WikiCite 2016 is an event focused on designing data models and technology to improve the coverage, quality, standards-compliance and machine-readability of citations and source metadata in Wikipedia, Wikidata and other Wikimedia projects. Our goal in particular is to define a technical roadmap for building a repository of Wikimedia references in Wikidata.
Building a central repository of citations in Wikidata
There is currently a lot of momentum around citations and bibliographic metadata at the Wikimedia Foundation, in the movement, and across a number of open science, library tech, and open access organizations. The idea of building a repository to store all citations and source metadata across Wikimedia projects has been proposed in different forms for the past 10 years. Wikipedia is currently one of the most popular entry points into the scientific literature and ranges among the top 5 referrers of scholarly citations. However, as of today, references and source metadata are still a second-class citizen in Wikimedia projects. References are the most fundamental building block of open knowledge, but:
- they are still served by fragile mechanisms such as citation templates;
- they are inconsistently represented across (and sometimes within) articles, languages and Wikimedia projects;
- the data they store is curated in multiple places and often ill-formed, incomplete and not machine-readable;
- references often fail to use identifiers such as DOIs or PubMed IDs, even when such identifiers are available for the cited source.
Reusing sources across articles, languages or projects is still a complex task, and conducting research on the use of references and citations in Wikimedia projects requires sophisticated information extraction skills. In addition to that, an overwhelming number of statements in Wikidata are currently not sourced at all or generically sourced to a Wikimedia site rather than specific references.

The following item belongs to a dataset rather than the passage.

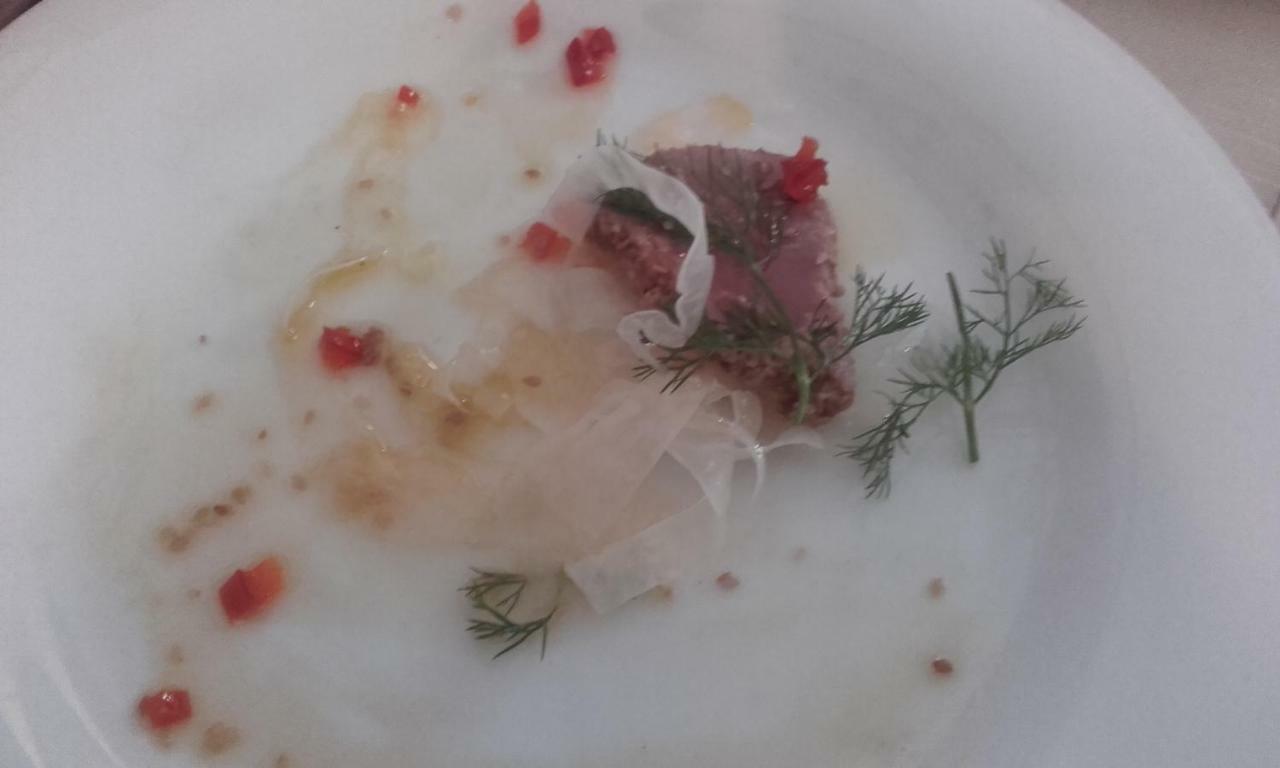 Zia Betta House Villa Carovigno Dış mekan fotoğraf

Initiatives such as the Wikipedia Library have focused primarily on the outreach and programmatic angle, while efforts focused on infrastructure in Wikimedia projects (like WikiProject Source Metadata and WikiProject Open Access) have not been strategically aligned across all parties involved. We believe the time is ripe for aligning and innovating around the major efforts to build the necessary infrastructure, data models, automated tools and user interfaces to build a central repository of citations in Wikidata and support high quality sourcing of free knowledge.

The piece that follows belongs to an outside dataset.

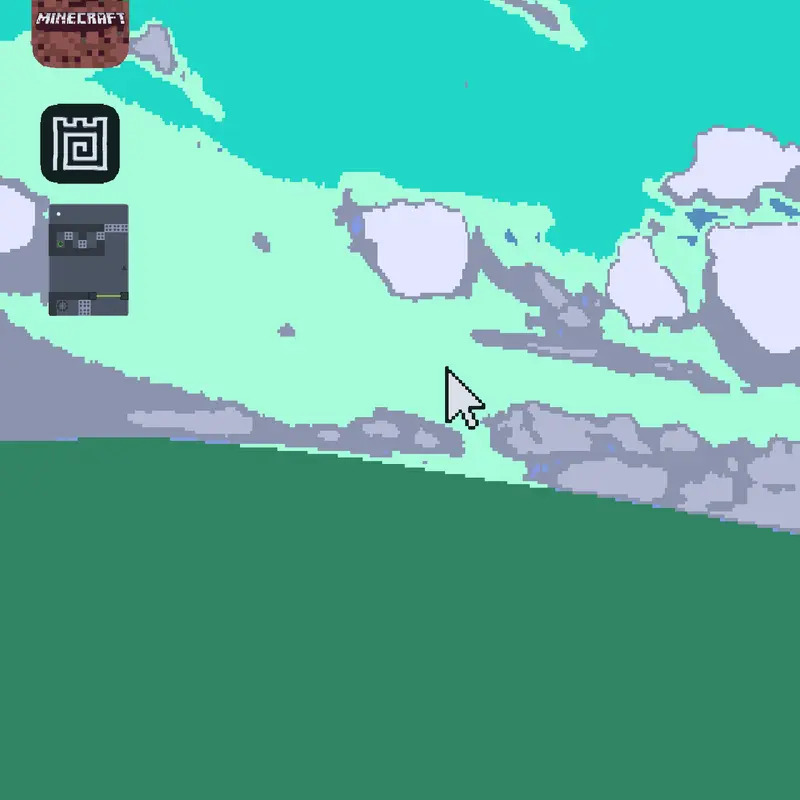 Game by @ParsaRF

A timeline of previous efforts
- Seminal work towards the design of a central repository of citations leveraging Wikidata started at the 2012 Wikimedia Hackathon in Berlin.
- These efforts continued through a series of "citathons" hosted over the years at:
- 2014: Wikimania London
- 2014: Rich citations hackathon at the Public Library of Science
- 2015: Wikimania Mexico
- 2016: Wikimedia Developer Summit
- In 2015, a WikiBase test instance called LibraryBase with a dedicated SPARQL endpoint was set up on Wikimedia Labs.
- For a history of related initiatives predating Wikidata, see this page.
The event will be focused on the short-term goal of defining a roadmap and the technical requirements for developing a central Wikidata repository for references and bibliographic metadata. This will facilitate research on references across Wikimedia projects and provide much needed tools to support the sourcing work of volunteers and movement affiliates contributing open content to Commons and Wikidata.
We will also discuss a long-term vision aiming to facilitate the integration of citation and bibliographic metadata with other scholarly and linked data repositories. You can learn more about these goals from a joint presentation we gave in December at WMF in partnership with Crossref.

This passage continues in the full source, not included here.